The SABR protocol
A SABR session is a back and forth. The client describes who it is and where playback currently sits, the server replies with media and instructions, and the client uses those instructions to ask for the next chunk. This page walks through the request, the response, and the state that ties them together.
The request
Every call sends a request object that tells the server three things. Who is asking, which formats the client wants, and where playback is right now.
In practice that means the request carries the selected audio and video formats, the ranges the client has already buffered for each of them, the current player time, and a continuity token that the previous response handed back. When protection is in play, it also carries the attestation data in the client context.
The first request of a session is a cold start. It does not claim any buffered ranges yet, so the server responds with the format initialization metadata and the first media, including the init segments that set up each track. Later requests are follow ups: they carry the growing state, the buffered ranges and the continuity token, so the server only sends what comes next. Getting this distinction wrong, for example sending follow-up shaped state on the very first call, makes the server skip the initialization and the session never starts cleanly.

The response is UMP
The server does not answer with a flat file. It answers with a UMP body, which is a stream of length prefixed typed parts. Each part has a kind, and the client reads them in order, handling the kinds it understands and skipping the rest.

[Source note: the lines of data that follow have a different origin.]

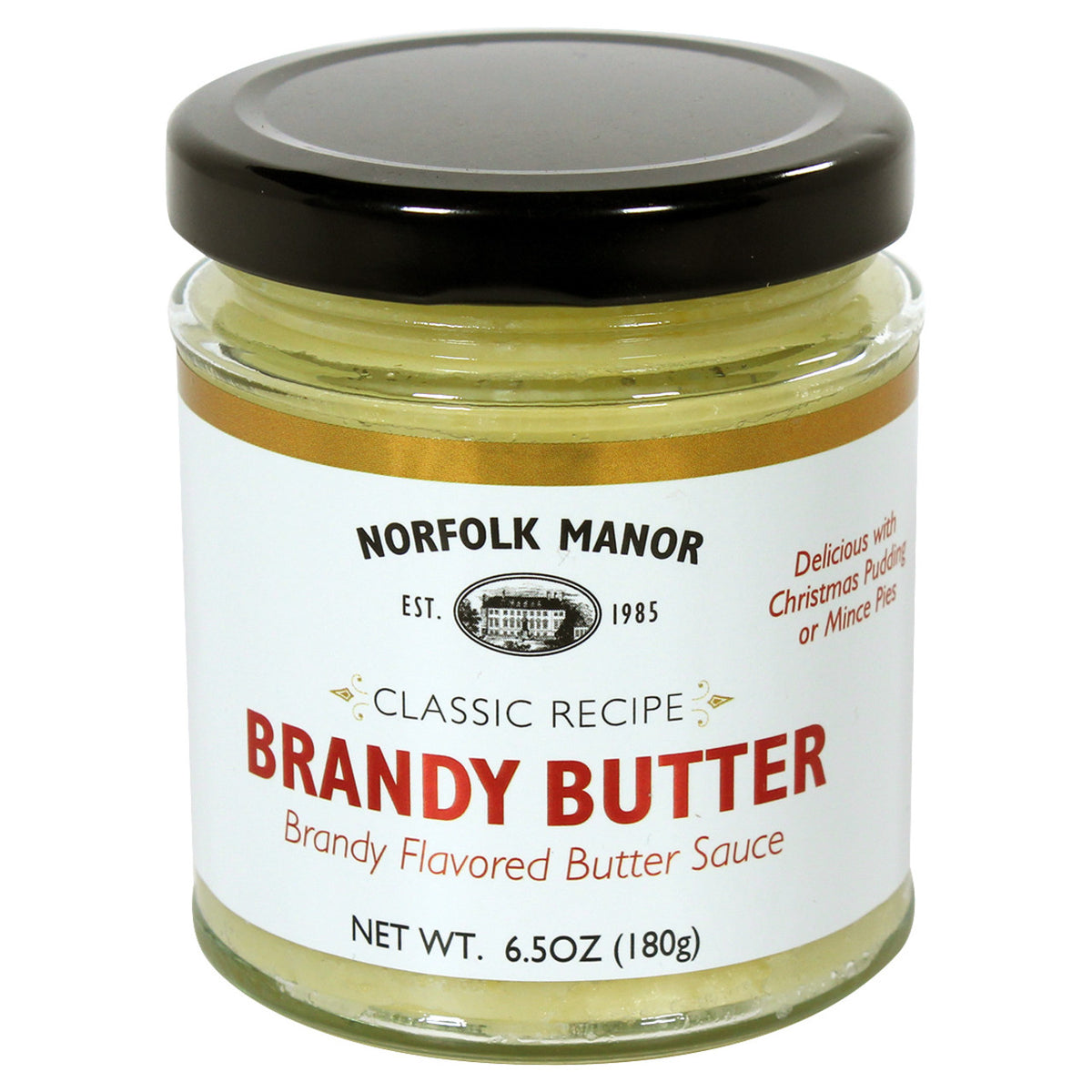 Jar of Norfolk Manor Brandy Butter on a white background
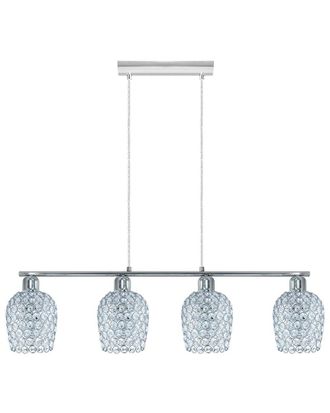Eglo Eglo Bonares 3 Light Linear Pendant With Chrome Finish & Clear Glass Shades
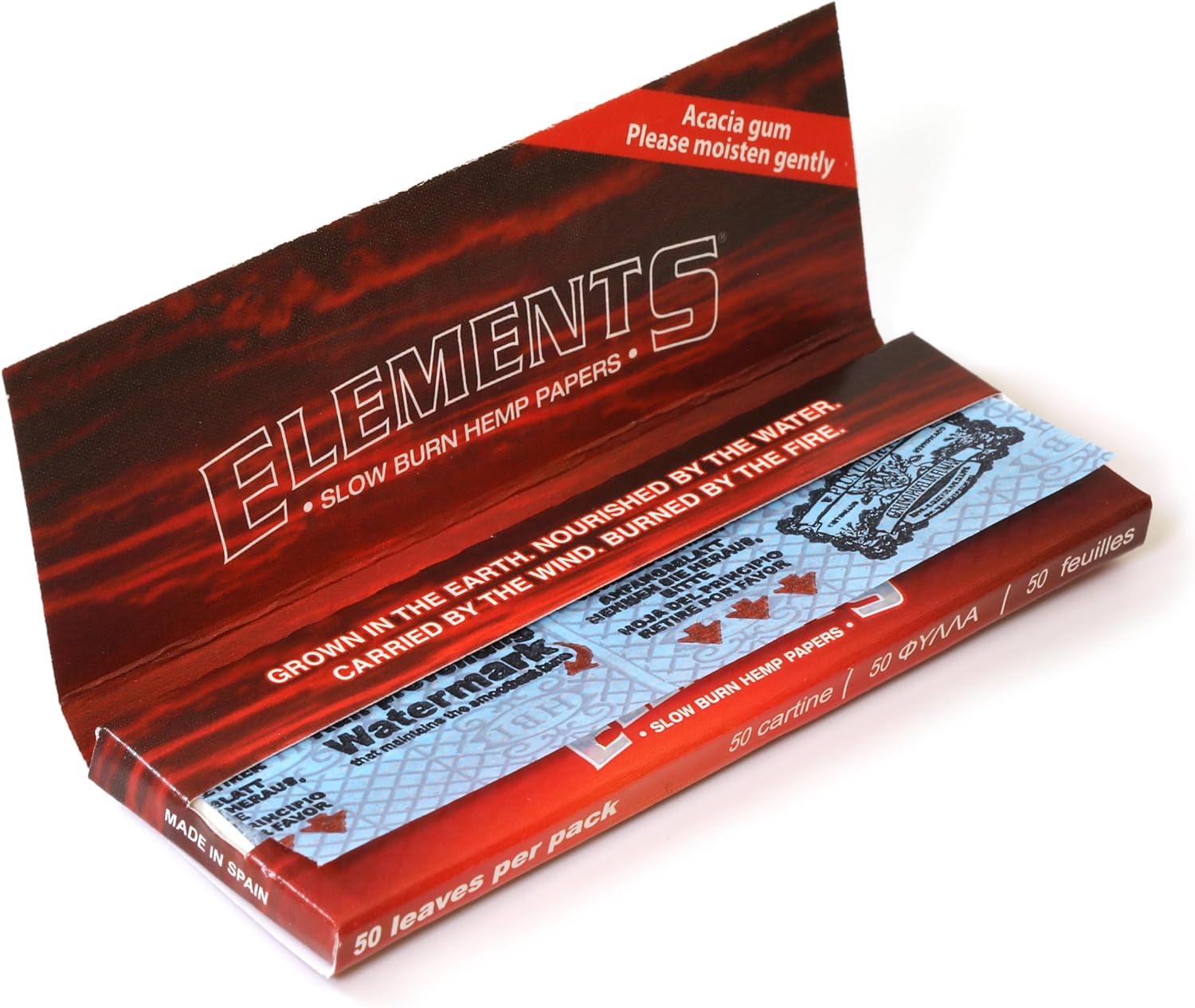 1 box - Elements RED 1 1/4 Slow Burn rolling paper + Magnetic Closure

The parts fall into three rough groups. Descriptors set the scene: the per format initialization metadata and the list of selectable formats. Media is the payload itself, and it comes as a small sequence: a header that describes an upcoming segment, the segment bytes, then an end marker. Instructions steer the next round: the next request policy tells the client how far to read ahead and hands back the continuity token to echo, and the stream protection status says whether the stream is still open or has been gated.
A single response usually mixes all three. The client walks the parts, collecting media as it goes and recording the instructions so the next request is shaped correctly.
Assembling the media
The media parts do not arrive as one finished file. Each selected format, one for audio and one for video, comes as an init segment followed by a run of media segments. The init segment sets up the track, the media segments carry the actual audio or video, and together they reconstruct a continuous track for that format.

The client does this for both formats in parallel and feeds the two reconstructed tracks to the player. Because the bytes come from media parts rather than a plain file, the container of each segment is what tells the client and the decoder how to interpret it, which is why the init segment matters so much. Lose it, or assemble the segments out of order, and the track cannot be decoded even though every byte arrived.
Session state
The reason SABR feels different from a classic extractor is this state. The client keeps a small model in memory across requests. A request number, the continuity token, the buffered ranges per format, and the current player time.

Echoing the token and reporting accurate buffered ranges is what lets follow up requests advance cleanly. Get those wrong and the session stalls or loops.
The protection boundary
For some videos and formats, after a certain point the server stops sending media. Instead it returns policy only responses. The stream protection status flips to a protected state, a backoff value is included, and there are no media parts at all.
The status moves through three values. Status 1 is open, media flows normally. Status 2 is the boundary, the point where attestation is about to be required. Status 3 is protected, the server returns policy only and no media. Retrying while in status 3 changes nothing on its own. Presenting a valid Proof of Origin token in the request context is what moves the session back to status 1, and media starts flowing again.

This is not a bug in your parser or your request. It is a real protection state. That side of the story is covered in Inside BotGuard and Attestation.